Craig Boyack is one of those engaging people you just love to have around. He has a blog where he talks about real-life things like pruning peach trees and perusing county fairs for pumpkin beer as well as his fiction writing process. His muses stay in his writing cabin which he welcomes us into from time to time. Most of his muses are characters from his books, which he has for free over the 1st, 2nd and 3rd of December; Wild Concept, Panama, and Arson, respectively. I started with his first published: Wild Concept .
X2 is a prototype robot created by a company that makes automations, but X2 is so much more than the typical robot. With the capacity to have human emotions and life-like qualities, X2 becomes Lisa Burton. Lisa has more compassion and common sense than your average human. Lisa is extraordinary in every way. Both a sci-fi and a crime novel, with her unique capabilities and the understanding she is gaining about human behavior, she is sent to join the local P.D. and sets about with her partner to catch a serial killer.
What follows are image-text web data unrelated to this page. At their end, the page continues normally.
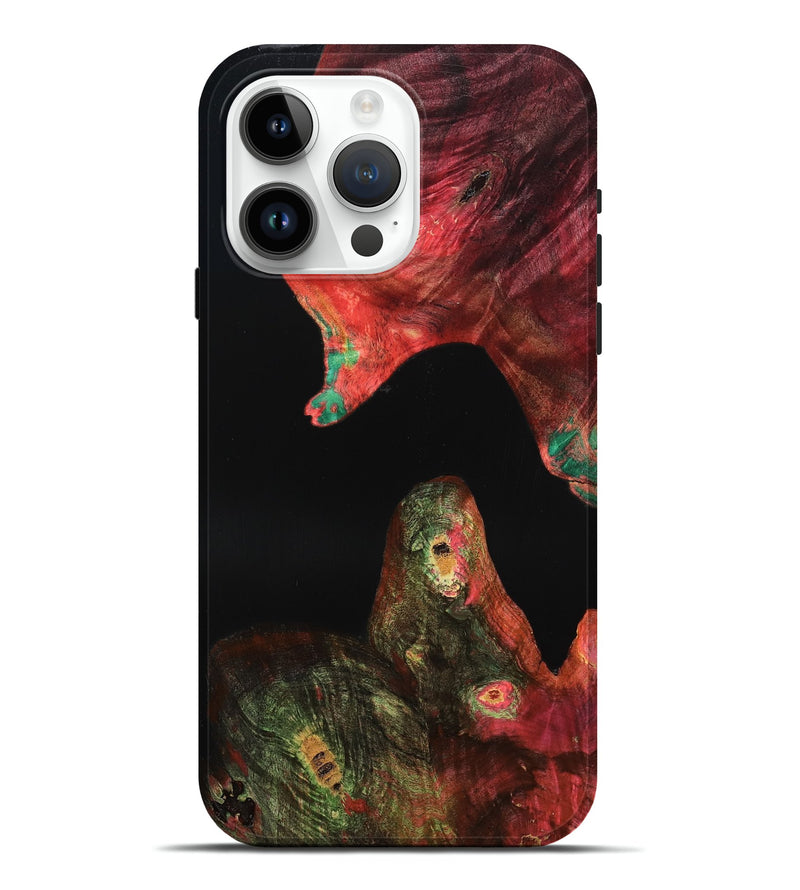 iPhone 15 Pro Max Wood Live Edge Phone Case - Kyan (Double Dyed, 790360)
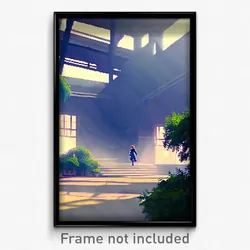 Pixel Art Poster - Unnatural Lair (8 Bit Psychedelic Trippy Video Game Print)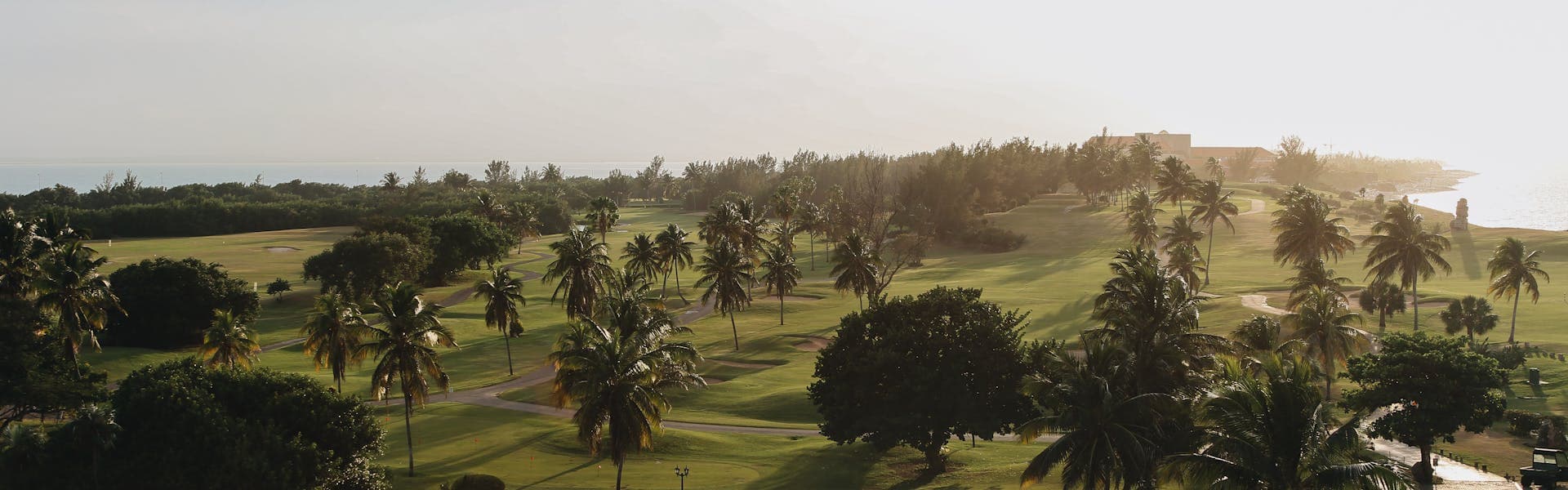 Golf course at sunrise
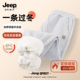 Jeep吉普新款 运动风束脚卫裤 趣味小标羊羔绒加绒加厚休闲裤 子男款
Lisa is an excellent sleuth, but she is also one of the most colorful and endearing characters you will find in a fiction novel. In her effort to be a capable companion, as well as a top-notch robot, Lisa develops the sort of deep and meaningful friendships meant to last a lifetime, and Bunny makes me want to get a cute little rabbit of my very own.
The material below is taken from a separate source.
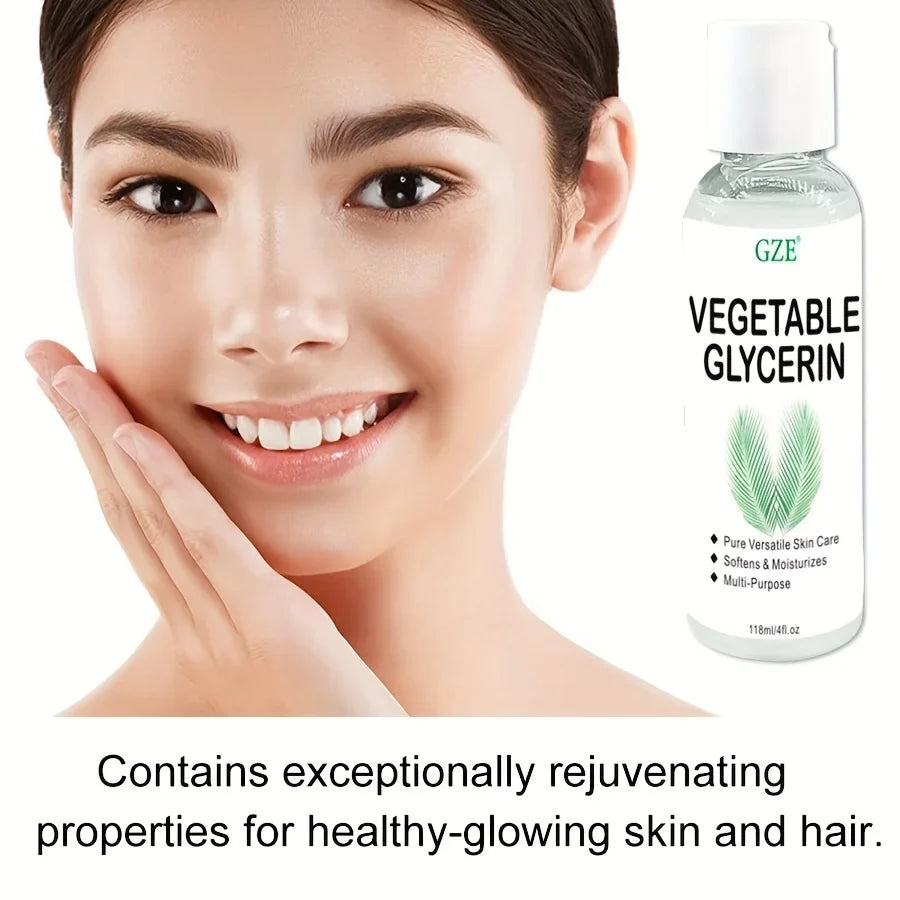 GZE 100% Pure Vegetable Glycerin – Skin Softener & Moisturizer Skin Care Glycerin Qme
Boyack has a character that has no backstory. There is no history to Lisa Burton, but Boyack takes this thing and breathes a fascinating life into it. Lisa has style, many of them actually, and the fashions she picks for herself echo her adaptive abilities. The supporting characters are as equally well-developed and seem as real as people you would know in real-life, each with their unique personalities and behaviors.
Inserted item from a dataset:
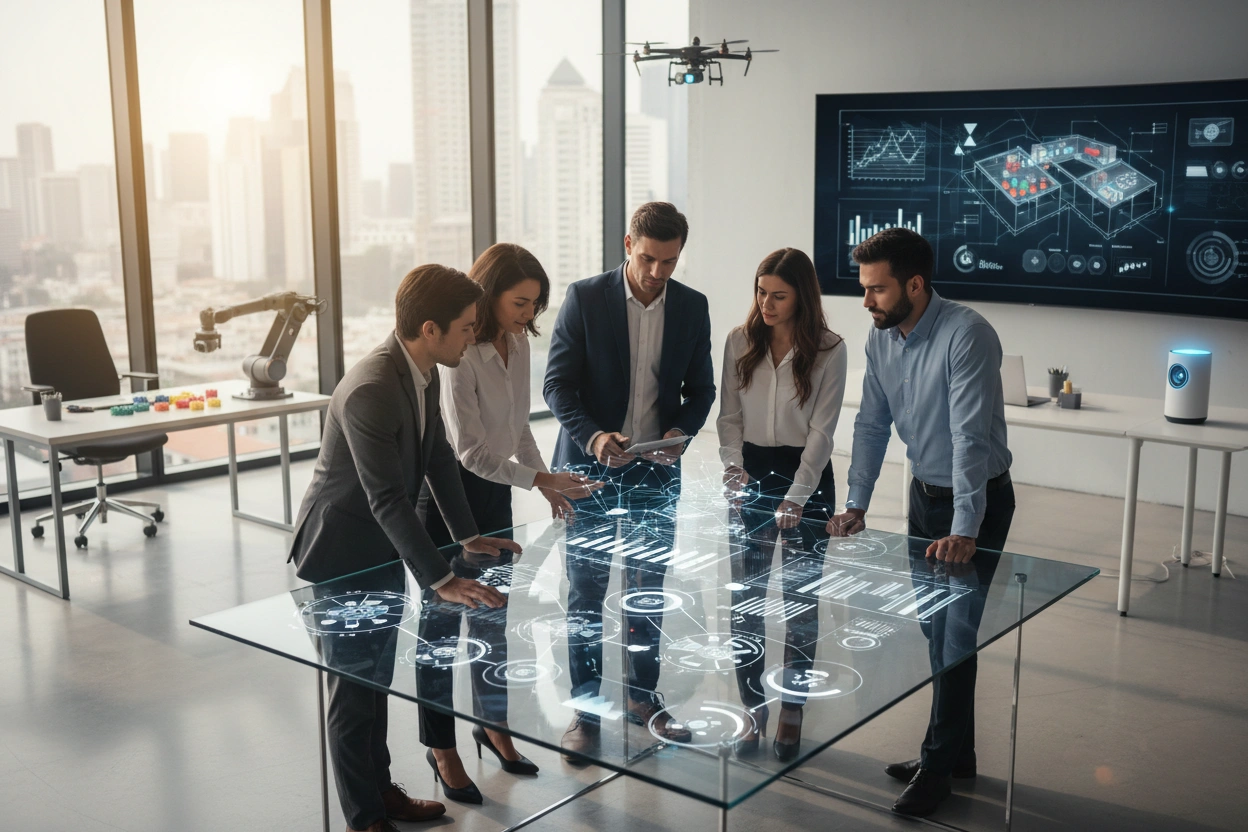 Professional image illustrating AI Implementation Strategies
Either Boyack is brilliant or he has done his research…perhaps both, he has Lisa Burton engaged in some complex situations she works diligently to resolve. The novel has a few grammatical errors and a couple of typos, but nothing that impedes the read. The writing is reasonably tight with respect to the story line, but lack of scene breaks make it read more like a stream of consciousness novel style. This was a fun read and exciting adventure. It also offers some room for deep reflection on prejudice and what it means to be different. If you are looking for an entertaining read that will make you think about mankind’s journey beyond the natural, make you smile and make you cry, this is a neat little story to pick up.